Working in France:
Working Across Borders
Working in France: your pension
The pension regime in France is very different to that in the UK. If you are working in France you need to understand your French pension and also its relationship with any other pensions you may receive from past (or indeed future) employment.
This is just a very brief overview of a huge topic. It is intended to give you a general introduction to the basics. It cannot possibly cover all circumstances and you should undertake further research before making any decisions based on this information.
You should also be aware that the French government is trying to make major reforms to the pension regime to create a universal points-based system. The process was shelved in the face of protests and the Covid19 pandemic and at the time of writing (July 2020) we have no further information about the proposed changes.
Compulsory pension regime
It is compulsory for anyone in work to be enrolled in a pension scheme. The core French scheme is not however directly equivalent to the UK state pension as it is made up of two different parts:
Basic pension - régime de base this is the basic state pension based on how many trimestres (quarters) you have paid into the system.
Complementary pension - régime complémentaire) based on points earned related to the type of job you do and your salary.
Both of these elements are compulsory. You don’t get to choose your complementary pension scheme, there are national schemes for different jobs.
Both you and your employer make contributions to the pension scheme and these should be clearly identified on your payslip.
Private pension schemes do exist but are outside the scope of this information leaflet.
Building up a pension
Régime de base
Pension contributions are calculated in quarters or trimestres. You need to earn 150 x the minimum wage (SMIC) to account for a full trimestre of pension.
In 2020 that amounts to 150 x 10.15 so 1,522.50 euros for a trimester or 6,090 euros for the full year. The official list of the cost of buying one trimestre pension for past years can be found here1.
Calculation of your qualifying period seems to be done routinely only once a year so (as far as we can tell) if you have earned at least 600 x SMIC during the year you will get the full four trimestres even if there have been ups and downs within that year. You can’t ever earn more than four trimestres in a year.
There is a good public service animation here on trimestres2. How many trimestres you need to retire on a full pension depends on the year you were born:
How many trimestres you need to retire on a full pension depends on the year you were born:
Year of birth / Trimestres needed for full state pension
1953-54 / 165
1955-57 / 166
1958-60 / 167
1961-63 / 168
1964-66 / 169
1967-69 / 170
1970-72 / 171
1973- 172 (43 years)
You can be credited with trimestres for periods such as unemployment, maternity, accidents at work etc. These credits count towards determining whether or not you have the full complement of trimestres for someone of your age.
Régime de base
A reminder again that this is a description of the current scheme which is due to change to a universal points-based scheme.
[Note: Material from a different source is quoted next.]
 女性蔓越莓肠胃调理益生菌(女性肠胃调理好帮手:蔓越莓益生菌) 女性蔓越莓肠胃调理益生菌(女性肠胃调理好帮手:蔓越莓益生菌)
The average of your best 25 years salary whilst paying cotisations in France (capped at a maximum figure of 40,000) is used to calculate your pension.
The formula used is:
Average of best 25 years x payment rate x trimesters accrued / Trimesters required for full pension
Payment rate means the percentage of your average salary used to calculate pension. The maximum is 50%. A reduction is made for every trimestre you are short of the full complement. The minimum is 37.5%.
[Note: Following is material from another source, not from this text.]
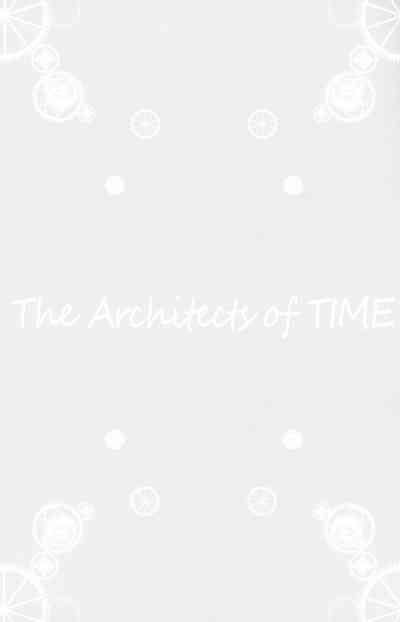 The Architects of TIME 2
The basic retirement pension cannot exceed 50% of the social security ceiling (€1,714 per month in 2020). This means that the maximum pension you can get through the basic state system is just over 20k whatever your salary.
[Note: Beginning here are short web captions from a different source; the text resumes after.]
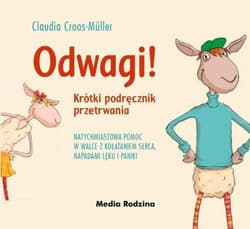 Odwagi! Natychmiastowa pomoc w walce z kołataniem serca, napadami lęku i paniki - Claudia Cross-Muller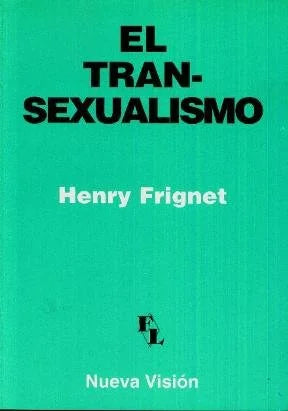 Libro EL TRANSEXUALISMO de FRIGNET HENRY en Colombia, psicoanalisis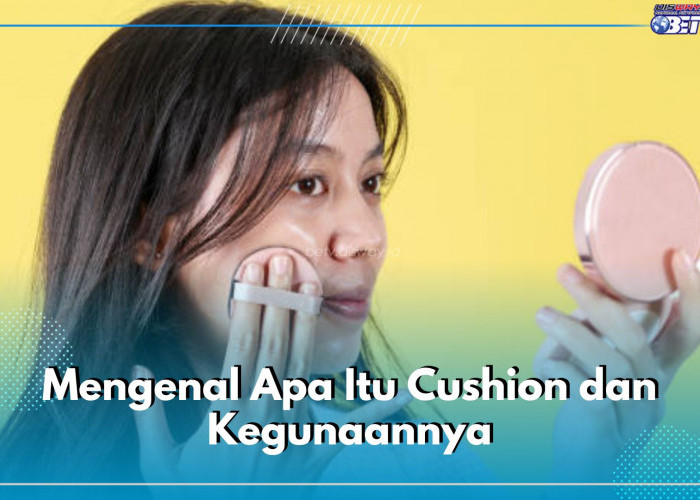 Mengenal Cushion, Produk Kosmetik yang Tengah Ramai Digandrungi, Apa Kegunaannya?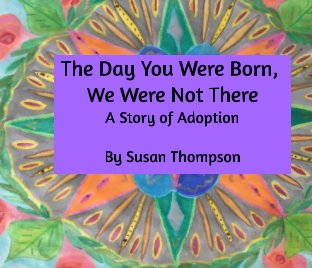 The Day You Were Born, We Were Not There book cover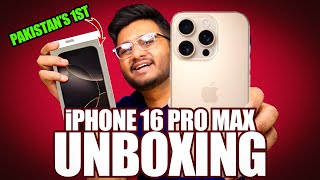 iPhone 16 Pro Max First Unboxing In Pakistan [upl. by Bullough306]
For the mandatory occupational pension, your annual salary is converted into a certain number of points so the more points you have the more pension you get. This means that the pension amount is proportional to your earned income over your entire career in France not just the 25 best years as for the basic scheme.
There are a few different schemes and you are assigned to one depending on your occupation. Agirc-Arrco is the common one for private sector workers formed by a recent merger of a large general scheme (Arrco) and one specifically for executives (Agirc).
For people on a low wage the state pension will be the main part of their retirement income but for people on higher salaries the occupational element will be greater.
To calculate the amount of your occupational pension, just multiply your number of points by the value of the point, which is determined each year.
The age of retirement in France is generally 62. You have to retire on the first day of a month.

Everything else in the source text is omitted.